Colorado Oil and Gas Conservation Commission staff have dropped allegations against Marathon Oil Co., Petroleum Development Corp. and Nonsuch Natural Gas. They also cleared one Williams Production RMT well pad as a possible contributor to the contamination, but they are looking into whether other Williams operations might be to blame.
The investigation stems from an incident May 30, 2008, in which De Beque resident Ned Prather visited his cabin, drank water from his spring and became sick enough that he had to go to a hospital.
Testing of the spring found benzene, a cancer-causing substance associated with oil and gas development.
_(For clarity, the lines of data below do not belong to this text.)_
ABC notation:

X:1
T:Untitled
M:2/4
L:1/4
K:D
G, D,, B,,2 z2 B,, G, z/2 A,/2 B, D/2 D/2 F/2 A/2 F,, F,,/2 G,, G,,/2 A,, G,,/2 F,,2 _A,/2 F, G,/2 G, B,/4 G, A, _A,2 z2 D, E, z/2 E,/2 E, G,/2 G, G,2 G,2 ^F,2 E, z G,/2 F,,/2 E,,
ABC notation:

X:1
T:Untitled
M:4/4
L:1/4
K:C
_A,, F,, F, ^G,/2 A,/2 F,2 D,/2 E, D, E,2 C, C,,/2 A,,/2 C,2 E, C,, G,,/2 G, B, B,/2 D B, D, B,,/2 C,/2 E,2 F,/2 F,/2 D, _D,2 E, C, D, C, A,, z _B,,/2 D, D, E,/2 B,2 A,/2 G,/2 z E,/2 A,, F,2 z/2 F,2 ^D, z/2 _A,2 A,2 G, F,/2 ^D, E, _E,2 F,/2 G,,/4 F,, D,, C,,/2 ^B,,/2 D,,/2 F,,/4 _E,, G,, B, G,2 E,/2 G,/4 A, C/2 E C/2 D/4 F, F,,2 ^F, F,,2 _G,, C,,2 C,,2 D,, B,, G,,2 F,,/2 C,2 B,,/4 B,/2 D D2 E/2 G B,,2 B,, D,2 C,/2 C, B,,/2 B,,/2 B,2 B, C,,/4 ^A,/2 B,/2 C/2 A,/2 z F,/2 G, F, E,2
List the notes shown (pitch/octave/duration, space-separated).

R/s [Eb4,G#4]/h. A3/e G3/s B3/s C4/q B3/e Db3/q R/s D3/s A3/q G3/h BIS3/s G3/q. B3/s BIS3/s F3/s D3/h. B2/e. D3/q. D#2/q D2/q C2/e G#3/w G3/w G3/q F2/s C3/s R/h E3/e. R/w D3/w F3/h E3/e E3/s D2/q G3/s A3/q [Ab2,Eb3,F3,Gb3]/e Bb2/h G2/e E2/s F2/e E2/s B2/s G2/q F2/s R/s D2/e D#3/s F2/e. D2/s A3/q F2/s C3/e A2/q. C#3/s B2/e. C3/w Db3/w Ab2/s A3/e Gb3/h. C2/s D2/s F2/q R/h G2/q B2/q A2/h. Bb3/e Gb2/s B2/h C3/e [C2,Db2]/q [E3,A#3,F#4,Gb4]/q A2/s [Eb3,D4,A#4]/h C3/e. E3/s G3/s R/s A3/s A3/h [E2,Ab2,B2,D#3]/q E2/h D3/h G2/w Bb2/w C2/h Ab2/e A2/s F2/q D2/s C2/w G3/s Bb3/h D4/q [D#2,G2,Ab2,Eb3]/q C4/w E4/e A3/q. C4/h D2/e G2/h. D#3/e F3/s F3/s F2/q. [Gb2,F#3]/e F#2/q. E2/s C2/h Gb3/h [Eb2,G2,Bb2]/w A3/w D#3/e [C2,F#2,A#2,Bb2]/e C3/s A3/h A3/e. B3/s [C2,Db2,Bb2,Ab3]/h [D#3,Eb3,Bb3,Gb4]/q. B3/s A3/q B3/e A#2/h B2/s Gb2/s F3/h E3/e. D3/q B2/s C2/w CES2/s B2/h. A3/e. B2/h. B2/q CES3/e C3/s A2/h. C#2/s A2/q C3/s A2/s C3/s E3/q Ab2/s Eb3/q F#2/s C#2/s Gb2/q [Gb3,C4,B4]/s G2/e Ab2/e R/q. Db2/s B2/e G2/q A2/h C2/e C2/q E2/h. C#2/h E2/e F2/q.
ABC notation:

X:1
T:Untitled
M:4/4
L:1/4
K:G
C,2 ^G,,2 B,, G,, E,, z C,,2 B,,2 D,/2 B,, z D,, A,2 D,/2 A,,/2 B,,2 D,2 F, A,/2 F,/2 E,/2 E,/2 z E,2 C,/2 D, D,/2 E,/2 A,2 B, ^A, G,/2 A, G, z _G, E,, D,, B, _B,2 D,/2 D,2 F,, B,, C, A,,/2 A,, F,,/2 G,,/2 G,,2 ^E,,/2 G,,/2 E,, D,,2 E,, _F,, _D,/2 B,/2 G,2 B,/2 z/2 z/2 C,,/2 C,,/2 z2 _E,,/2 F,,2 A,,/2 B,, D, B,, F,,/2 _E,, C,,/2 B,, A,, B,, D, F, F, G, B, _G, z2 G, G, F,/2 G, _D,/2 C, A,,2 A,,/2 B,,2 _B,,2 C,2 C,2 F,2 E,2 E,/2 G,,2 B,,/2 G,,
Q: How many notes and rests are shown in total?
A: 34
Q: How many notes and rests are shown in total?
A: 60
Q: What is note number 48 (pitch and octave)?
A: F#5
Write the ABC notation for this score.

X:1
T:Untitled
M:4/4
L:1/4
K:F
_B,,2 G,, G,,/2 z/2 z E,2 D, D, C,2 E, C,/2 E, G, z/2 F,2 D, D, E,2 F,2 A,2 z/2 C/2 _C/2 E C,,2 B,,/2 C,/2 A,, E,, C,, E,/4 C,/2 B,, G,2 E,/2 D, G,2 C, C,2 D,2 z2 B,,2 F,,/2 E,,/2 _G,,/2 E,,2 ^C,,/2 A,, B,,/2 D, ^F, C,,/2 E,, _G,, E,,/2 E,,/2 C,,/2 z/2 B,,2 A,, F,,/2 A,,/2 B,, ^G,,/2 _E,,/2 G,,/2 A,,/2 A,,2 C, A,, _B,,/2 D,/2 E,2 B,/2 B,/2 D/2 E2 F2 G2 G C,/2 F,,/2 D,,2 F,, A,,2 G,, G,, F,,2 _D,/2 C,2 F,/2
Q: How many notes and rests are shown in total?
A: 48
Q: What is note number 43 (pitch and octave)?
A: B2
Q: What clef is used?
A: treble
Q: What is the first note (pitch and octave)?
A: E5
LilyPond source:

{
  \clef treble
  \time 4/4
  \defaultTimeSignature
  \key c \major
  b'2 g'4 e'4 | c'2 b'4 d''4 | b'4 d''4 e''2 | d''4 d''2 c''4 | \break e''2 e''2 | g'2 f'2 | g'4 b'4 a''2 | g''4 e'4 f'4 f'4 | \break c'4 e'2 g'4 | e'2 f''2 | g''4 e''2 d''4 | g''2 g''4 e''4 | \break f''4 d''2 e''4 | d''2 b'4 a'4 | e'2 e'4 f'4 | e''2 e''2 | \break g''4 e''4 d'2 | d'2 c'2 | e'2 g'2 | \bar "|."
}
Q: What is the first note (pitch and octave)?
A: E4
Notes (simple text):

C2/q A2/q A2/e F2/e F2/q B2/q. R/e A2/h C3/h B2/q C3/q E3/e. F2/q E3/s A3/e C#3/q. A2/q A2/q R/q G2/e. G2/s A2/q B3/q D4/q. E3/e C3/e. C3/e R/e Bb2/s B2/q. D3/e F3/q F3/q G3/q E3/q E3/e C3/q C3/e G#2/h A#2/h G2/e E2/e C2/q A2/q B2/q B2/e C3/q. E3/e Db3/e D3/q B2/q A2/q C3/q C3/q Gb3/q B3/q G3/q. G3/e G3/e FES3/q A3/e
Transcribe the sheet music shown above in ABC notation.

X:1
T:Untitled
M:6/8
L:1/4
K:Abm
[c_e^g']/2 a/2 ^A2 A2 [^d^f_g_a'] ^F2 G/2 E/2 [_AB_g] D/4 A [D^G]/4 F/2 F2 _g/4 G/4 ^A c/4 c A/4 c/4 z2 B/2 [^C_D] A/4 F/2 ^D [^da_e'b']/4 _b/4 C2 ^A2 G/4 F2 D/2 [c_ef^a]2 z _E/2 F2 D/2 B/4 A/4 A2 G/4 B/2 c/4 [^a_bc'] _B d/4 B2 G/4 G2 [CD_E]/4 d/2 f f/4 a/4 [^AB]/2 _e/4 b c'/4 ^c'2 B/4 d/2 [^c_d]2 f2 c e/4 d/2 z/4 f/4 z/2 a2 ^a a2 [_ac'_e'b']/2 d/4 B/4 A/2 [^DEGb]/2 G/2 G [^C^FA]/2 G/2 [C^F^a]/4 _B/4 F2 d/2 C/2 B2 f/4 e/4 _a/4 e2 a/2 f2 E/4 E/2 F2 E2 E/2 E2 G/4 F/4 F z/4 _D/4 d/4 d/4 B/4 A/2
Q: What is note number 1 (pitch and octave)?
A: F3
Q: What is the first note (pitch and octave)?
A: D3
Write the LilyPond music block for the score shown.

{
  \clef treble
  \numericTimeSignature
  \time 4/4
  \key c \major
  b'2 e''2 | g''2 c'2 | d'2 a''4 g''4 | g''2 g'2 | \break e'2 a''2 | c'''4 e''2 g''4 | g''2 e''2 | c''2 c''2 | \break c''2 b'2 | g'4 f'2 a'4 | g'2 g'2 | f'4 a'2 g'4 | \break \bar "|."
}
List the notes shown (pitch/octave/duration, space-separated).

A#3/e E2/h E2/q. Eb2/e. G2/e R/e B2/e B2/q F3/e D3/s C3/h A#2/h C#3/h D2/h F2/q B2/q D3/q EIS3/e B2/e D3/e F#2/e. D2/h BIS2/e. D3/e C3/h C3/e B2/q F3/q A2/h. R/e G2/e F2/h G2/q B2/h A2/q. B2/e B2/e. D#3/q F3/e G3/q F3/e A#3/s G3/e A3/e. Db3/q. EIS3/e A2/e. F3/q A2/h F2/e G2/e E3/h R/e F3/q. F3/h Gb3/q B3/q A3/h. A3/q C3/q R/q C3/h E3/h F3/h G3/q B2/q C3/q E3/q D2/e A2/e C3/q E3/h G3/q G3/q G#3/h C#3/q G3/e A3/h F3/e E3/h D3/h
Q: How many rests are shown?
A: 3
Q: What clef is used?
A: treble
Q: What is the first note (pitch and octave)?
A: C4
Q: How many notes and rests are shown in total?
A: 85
Oil and gas commission staff initially issued what are called notices of alleged violation to the four energy companies based largely on proximity of their operations. However, commission Director Dave Neslin said Thursday that sampling has indicated the contamination is coming from east of the spring, where only Williams has nearby operations.
“But we have not yet identified a specific release point,” he said.
Williams spokeswoman Susan Alvillar said that based on the company’s own investigations, it doesn’t believe its well pad and pipeline east of the spring are the contamination source.
“But having said that, we will definitely continue to cooperate with the agency as we have in the past,” she said.
Marathon spokeswoman Lee Warren said the company is glad to be exonerated and always thought it wasn’t the cause of the problem.
“But as a concerned neighbor and responsible operator, we’re obviously hopeful that they’ll be able to determine the source of the contamination and resolve the problem for the landowner,” she said.
The investigation into the case also led to benzene being found in a second spring on the property. The state is investigating OXY USA WTP LP as the possible source of that contamination.
Richard Djokic, an attorney for Prather and others with ownership in the affected property, said they are upset that potential contributors to contamination are being absolved without the source being determined first.
He said the state also is relying too much on the companies’ own investigative work, rather than taking a more independent look into the matter.
“They’ve asked the suspects to conduct the investigation,” he said.
Djokic said the benzene contamination continues, and it has hurt Prather’s hunting outfitting business.